NFLワイルドカード戦、20-13のスコアでテネシー・タイタンズが勝利したことを告げる笛が鳴った瞬間、ブレイディのペイトリオッツとの契約も事実上の終わりを迎えた。ブレイディはまもなくフリーエージェントになり、また43歳になる。それはロジャー・ストーバック、ジョン・エルウェイ、ブレット・ファーヴ、そしてペイトン・マニングらがとっくに引退していた年齢だ。
次に何が待ち受けているかはブレイディ本人にしかわからない。あるいは彼は既に何かを示唆しているのかもしれない。

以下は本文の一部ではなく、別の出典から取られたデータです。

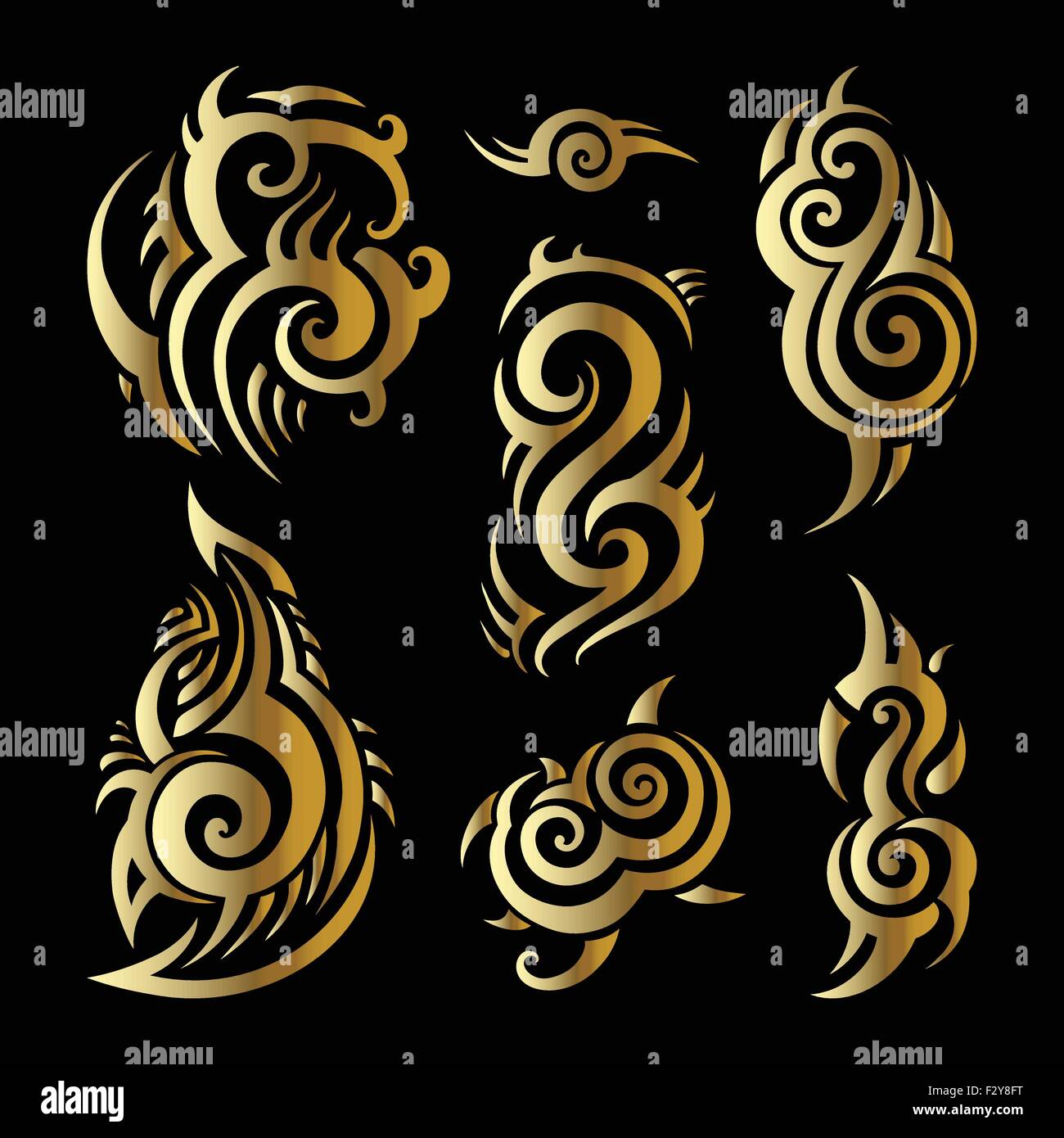 Il gufo. Disegno tribale Illustrazione Vettoriale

もっとも、NFLがペイトリオッツを巡る新たな疑惑について正式に態度を決めるまでは、その時代の終焉はある意味では訪れないのかもしれない。『ESPN』のアダム・シェフター記者によれば、NFLはペイトリオッツのビデオ・クルーが対戦前にシンシナティ・ベンガルズのサイドラインを不法に撮影したことに対し、何らかの制裁処分を下すようだ。シェフター記者は2週間のうちに決定が下されると言っているが、NFLはその報道を憶測であると回答している。

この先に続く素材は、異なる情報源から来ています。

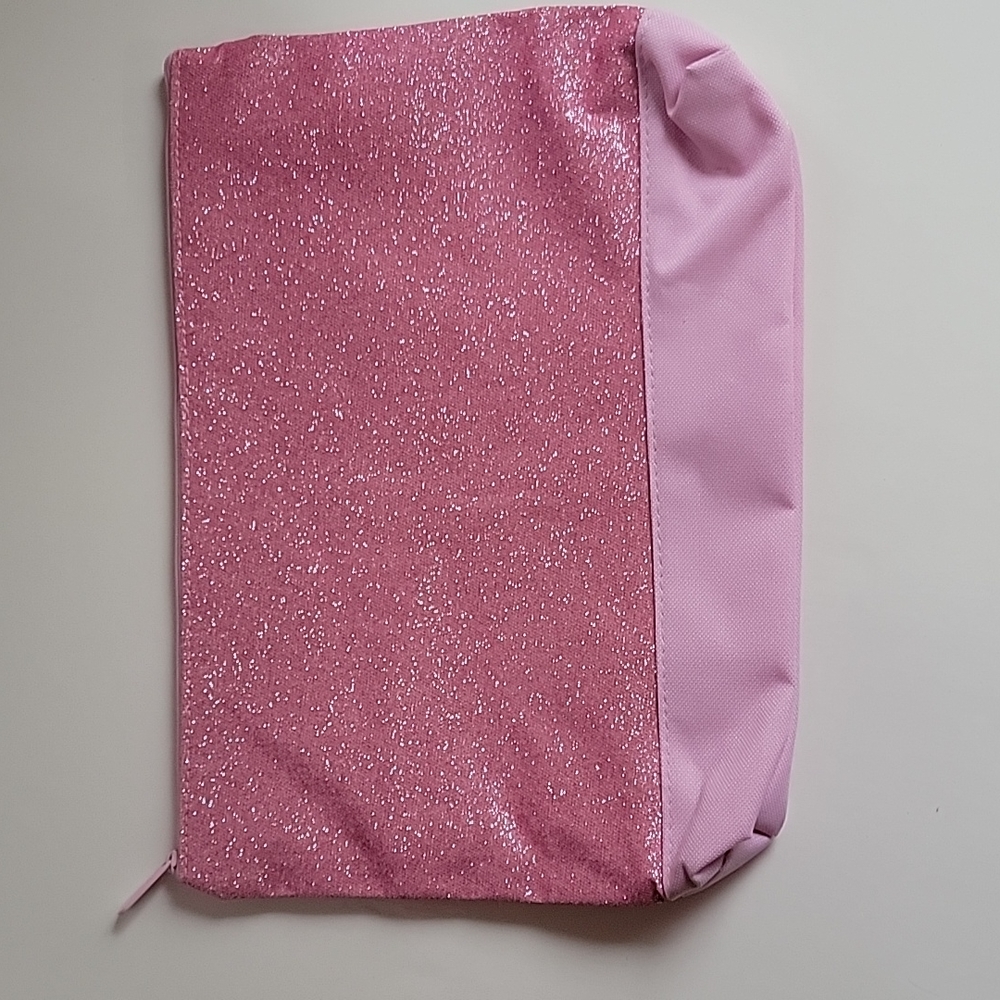 Thirty-one Large Zipper Pouch - Pink Sparkle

もしペイトリオッツがこの件で処分を受けるとしたら、このチームは6回のスーパーボウル優勝と同時に3回の制裁処分を受けたことになる(訳者注:ペイトリオッツは2007年に「スパイゲート」と呼ばれるビデオ盗撮疑惑、2015年に「デフレートゲート」と呼ばれるボールを細工した疑惑を起こしている)。
NFLファン、特に他チームのファンは、かつて1990年代のNBAシカゴ・ブルズに与えられたような称賛を、けっしてペイトリオッツ帝国には与えないだろう。マイケル・ジョーダンとチームメイトたちの業績は広く尊敬されていて、『ESPN』はまもなく彼らについて「兄弟の結束」と題したドキュメンタリーを放映するということだ。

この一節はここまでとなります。